BATTLE, United Kingdom – Roughly 800 people donned battle gear for the 950th-anniversary re-enactment of the Battle of Hastings, in which the Norman-French army of William, the Duke of Normandy, defeated an army under the command of the last Anglo-Saxon king of England, Harold Godwinson.
Soldiers clashed and horses hooves thundered during the re-enactment in this small town located 89 kilometers (55 miles) southeast of London.
The event allowed visitors to get up close to the knights and horses in the cavalry encampment, immerse themselves in medieval life and observe the chain mail and weaponry makers, the visit1066country.com Web site says.

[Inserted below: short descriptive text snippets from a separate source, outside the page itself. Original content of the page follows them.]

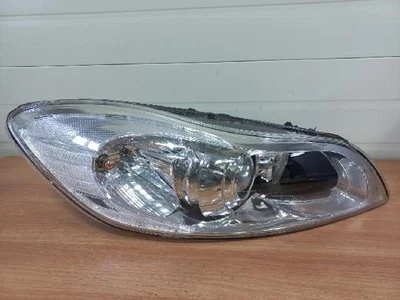 Faro derecho Volvo C30 D4 2011 31299827 Foto 1 de 4
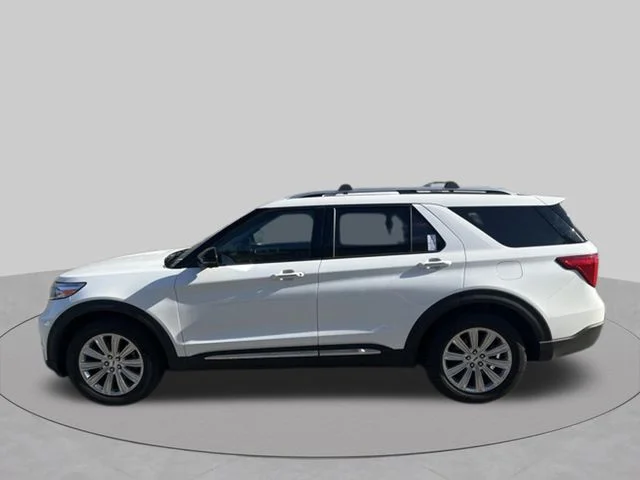 Used 2021 White Metallic Ford Limited image 8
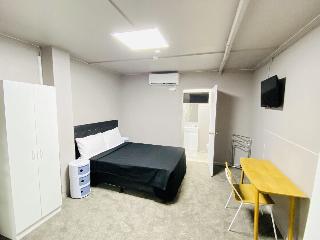 Hit Hostel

The Battle of Hastings took place on Oct. 14, 1066, amid a succession struggle involving several claimants to the throne after the death of the childless Anglo-Saxon King Edward the Confessor.
It pitted roughly 5,000 English soldiers against a much larger Norman force of infantry, archers and cavalry.
The Normans were victorious in a hard-fought battle that lasted throughout the day and left Harold dead.
William the Conqueror, Edward the Confessor’s cousin, was later crowned the first Norman king of England on Christmas Day in 1066.
The battle, one of the most significant events in world history, gave birth to modern English as the French language used in the king’s court blended over time with the Anglo-Saxon tongue.